In parallel to that, we observed that we are maintaining other scheduling (or data presence sensors) systems, like: Refine, reportupdater and systemd timers. Refine implements the dynamic data presence sensors that Oozie does not support. Reportupdater tries to reduce all the boilerplate code from Oozie and its learning curve, so that users that are not super technical can still create jobs easily. And in some cases, for simplicity, we're using systemd-timers for jobs (deletion scripts) that could be better handled by a higher level scheduling system that can i.e. be monitored in a UI.
We want to find a new scheduler / workflow management system, that is able to replace all our current Oozie jobs, and if possible, unify all Refine jobs, all reportupdater jobs, and all systemd-timers that would make sense to be handled by a higher level system. We'd like a more modern software with a growing community and good docs, that can be used by different types of users (with varying technical levels). The new system should ideally match Oozie in robustness and ease of maintenance. With such a scheduler, we would reduce the maintenance of our jobs, improve the control over them and make it easier for collaborators to create their own jobs. Also, a more modern system would give our job pipeline a longer life and more state-of-the-art capabilities (i.e. kubernetes support).
In our search of a better workflow manager software, most candidates were discarded because of hard requirements, without doing a deeper evaluation. Here are the reasons:
- We're looking for a fully open source software. Open source is one of the pillars of the WMF, and we'll only choose a system that is open source and therefore we can contribute back to.
- We want a full-fledged workflow orchestrator that is not only focused on just i.e. automation (RunDeck, StackStorm), or data science/ML (Pachyderm, MLFlow), or data integration/ETL (Beam, Camel). The chosen solution should have the power and flexibility to handle all our use cases.
- It's crucial that the chosen software is mature enough, has an extensive community (is popular enough) and thus has good support and documentation.

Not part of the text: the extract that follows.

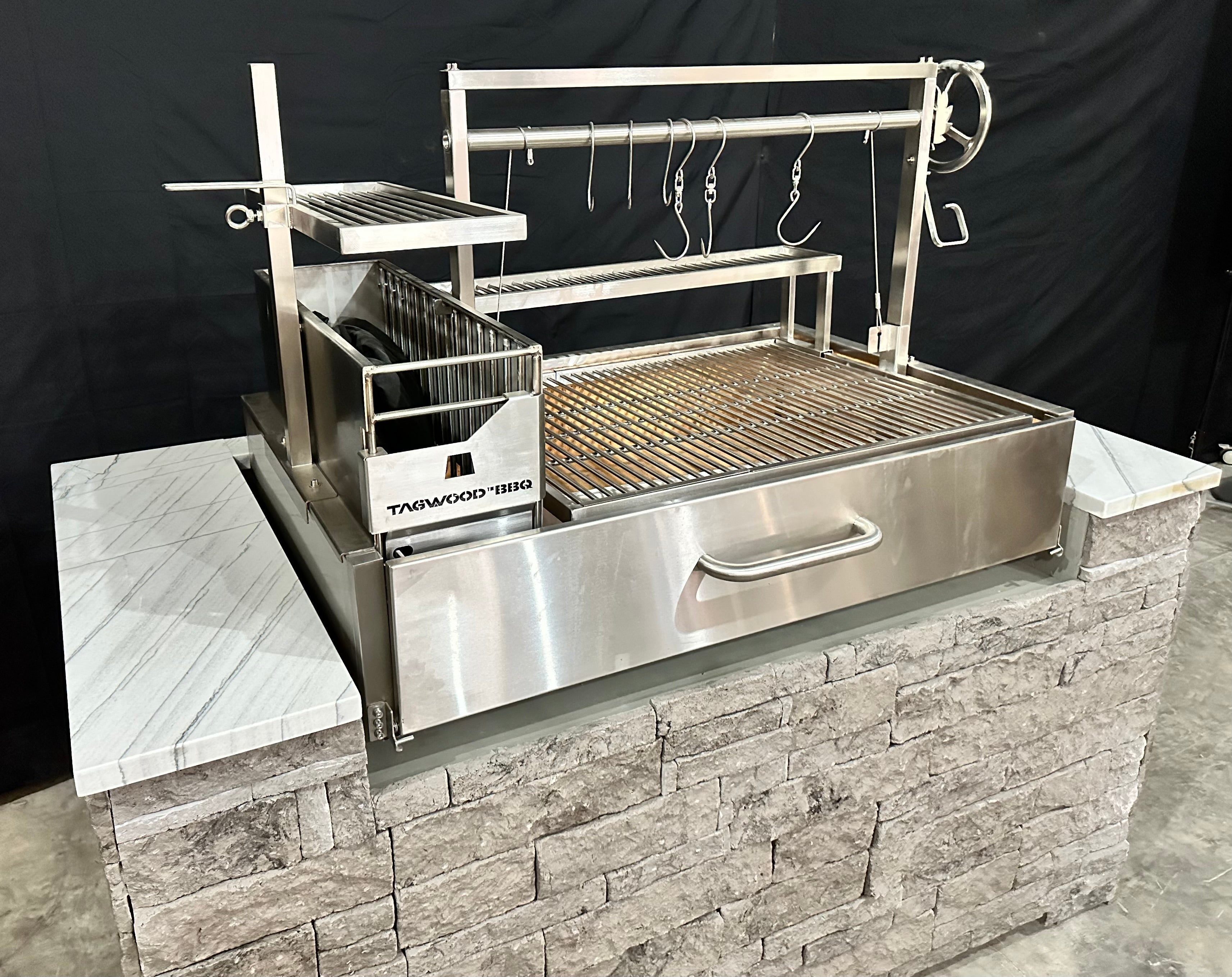 Tagwood BBQ25SS XL Built-In Santa Maria Argentine Grill – 304 Stainless Steel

We'll discard projects that are not actively maintained (Pinball).
- Also, it must be able to support our current set of data pipelines (time schedules, data dependency management, alerts, etc.) and infrastructure (Hadoop + Yarn).
These are the candidates that we evaluated.
Prefect is a "dataflow automation" system build by the company with the same name. The software seems to meet all our needs (even though we didn't do a deep study). Now, in its early days, Prefect was a closed source project, and in 2020 they open-sourced it. However, parts of the system (server and UI) are licensed under the prefect community license, which is open source except for a couple limitations that include using the software for PAAS and SAAS. After discussing the issue with our CTO, the position of the WMF is that we should for now not use software with such license. Thus, we discarded this option without further study.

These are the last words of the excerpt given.